This project was an assignment for the Data Forensics course (JM2040-M-6) at JADS for the master Data Science in Business and Entrepreneurship.
For this project we analyzed data we gathered from the Cocorico Marketplace that can be found on the Dark Web. The goal of this project is to provide insights in the drugs that are being sold on the marketplace and to provide a better understanding of drug sales on the Dark Web. We hope to find patterns in the data that can help Law Enforcement Agencies (LEAs) in their fight against drug trafficking.
To gather our data we used a crawler and two scrapers: one to gather product data and one to gather data on the categories. After scraping, the data was processed and analysed in Python using the Pandas and Regex libraries. The data was then visualized using Matplotlib and Seaborn.
For 35 days, we crawled the Cocorico Marketplace and gathered data on the products that were being sold.

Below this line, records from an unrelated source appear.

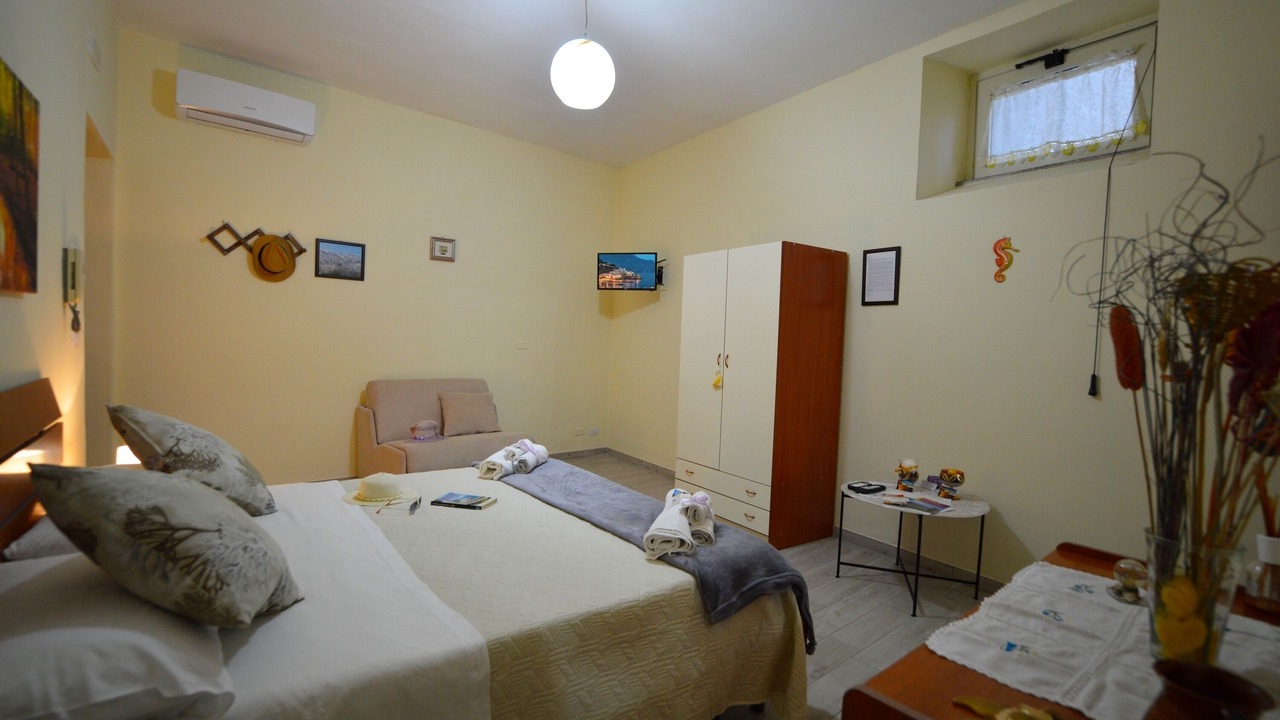 Photo of Bedroom in Agerola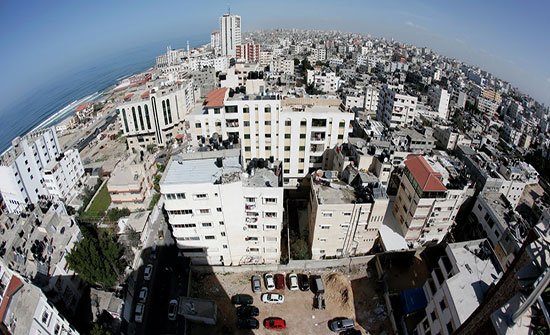غزه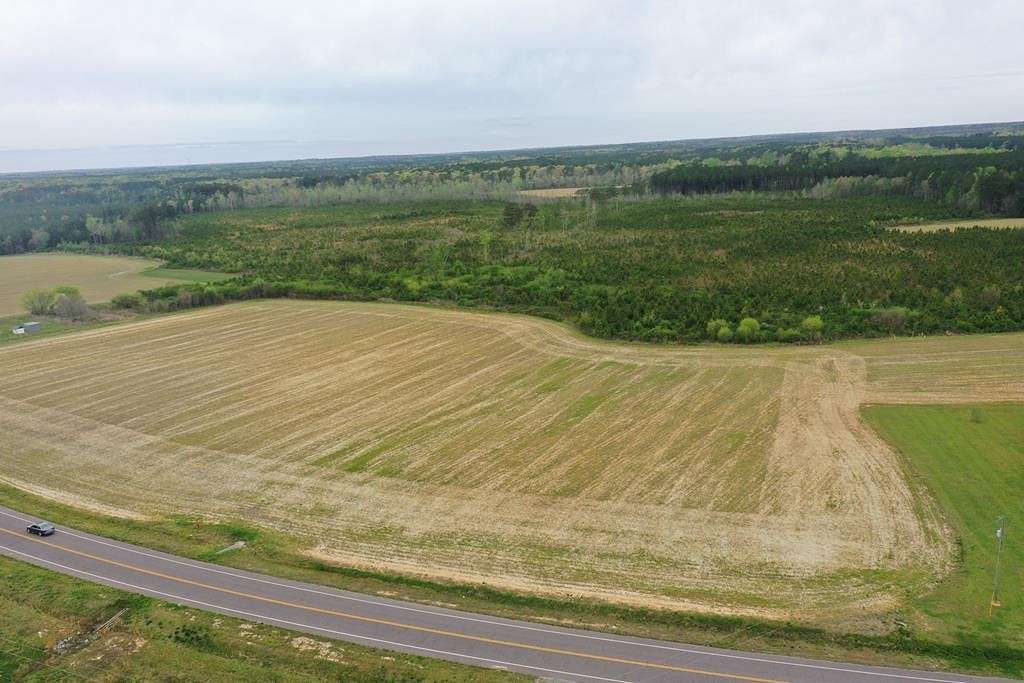 50.3 Acres of Agricultural Land for Sale in Emporia, Virginia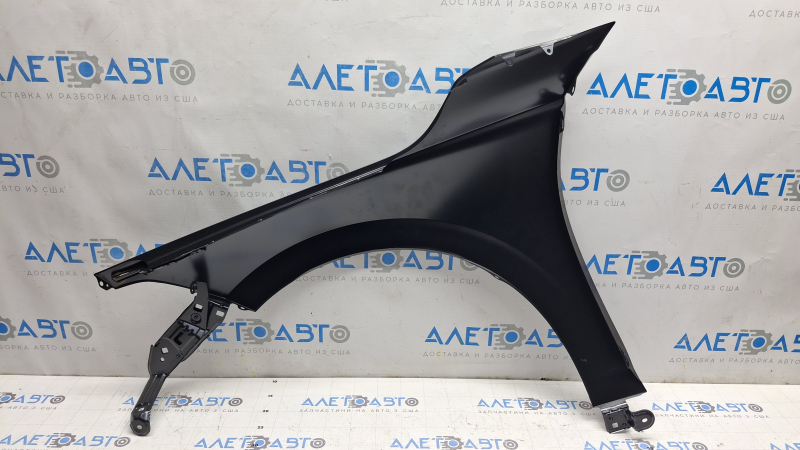 Front right fender Honda Civic XI FE/FL 22-26 dent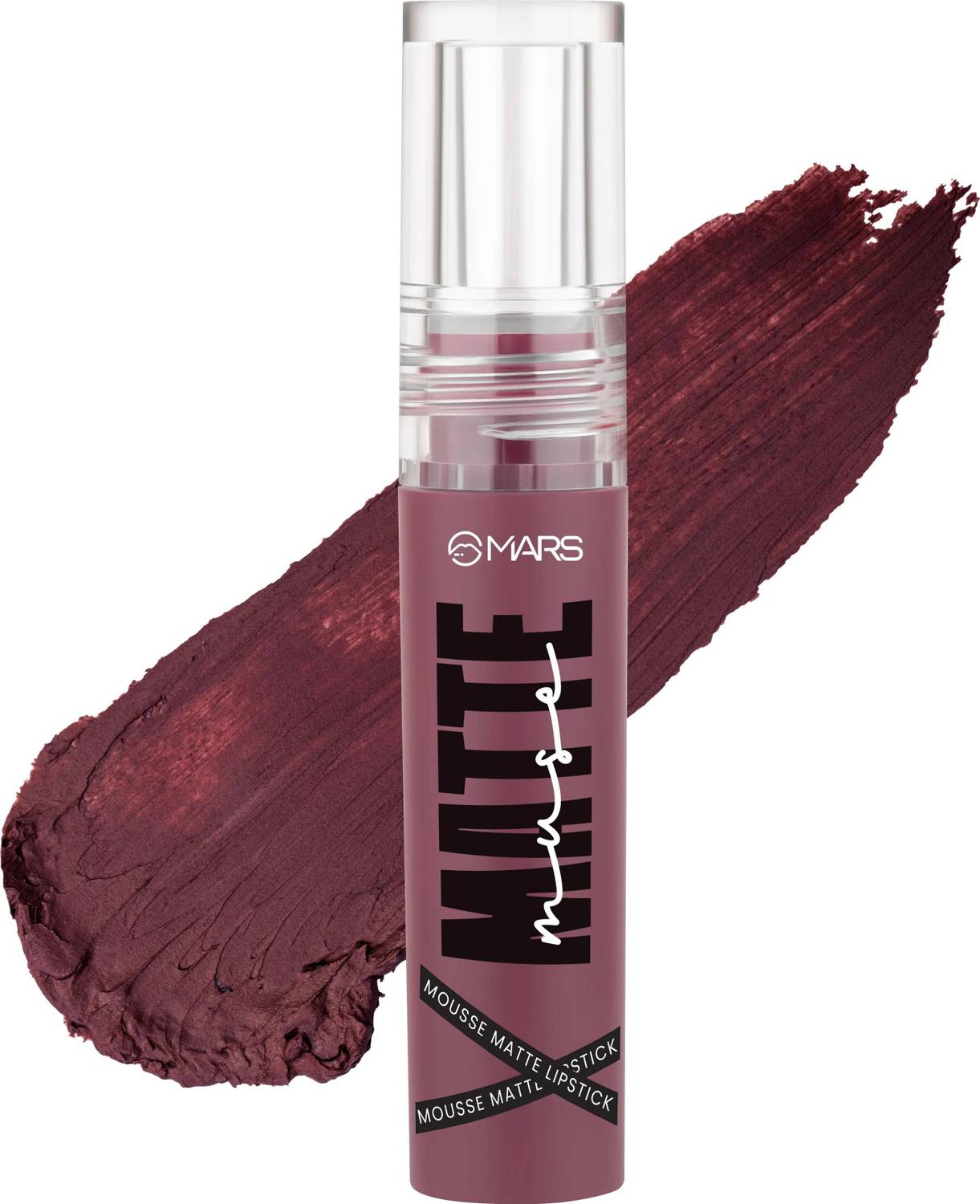 MARS Matte Muse Mousse Lipstick 3 ml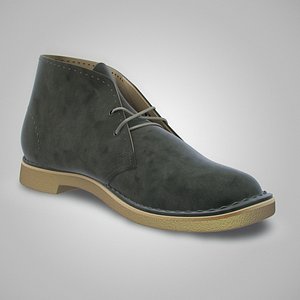 Clarks desert boot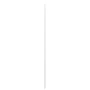 Puertas batientes diseño de lamas 1 par blanco 90x100 cm by , Doors for the home - Ref: Foro24-4107144, Price: 79,71 €, Disco...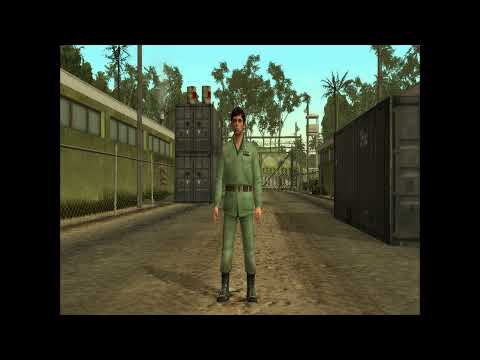 Scarface (2006) Xbox/Xbox 360 Playthrough - Combat Tutorial - Welcome to Bootcamp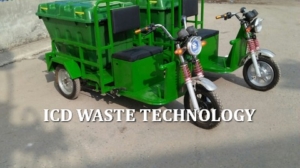 ICD Green Tech – Cung cấp máy chà sàn, xe chở rác, xe quét rác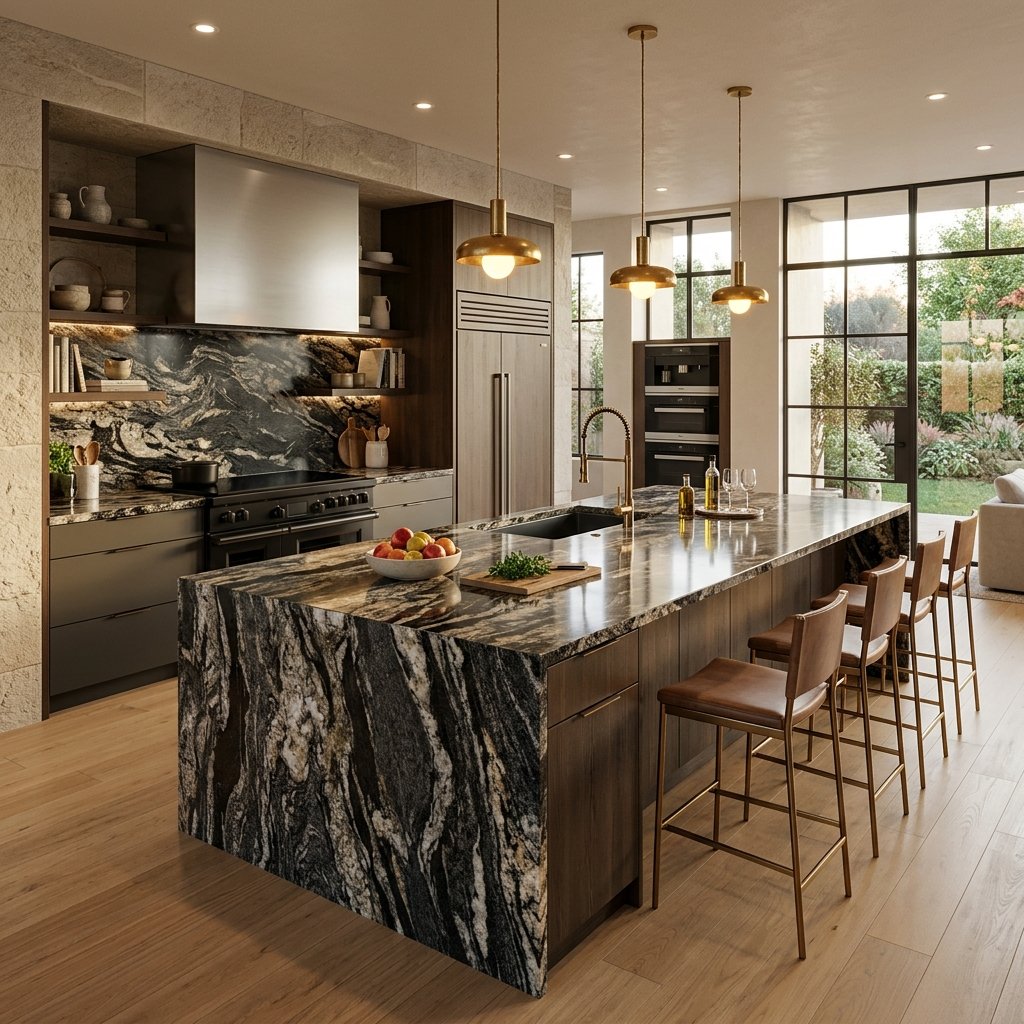 Kitchens, Bathrooms & Vanity Counters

We collected data on the different drug categories and the individual products. The product data includes the price, availability, number of views, seller and its rating. We only crawled drug-related pages by analysing the URL structure and filtering out non-drug related pages.
We created two scrapers: one to gather product data and one to gather data on the categories. The scrapers were written in Python using the BeautifulSoup library and looped through all the crawled files. The product scraper collected data on the individual products, including the price, availability, number of views, seller and its rating. The category scraper collected data on the different drug categories and the number of products in each category.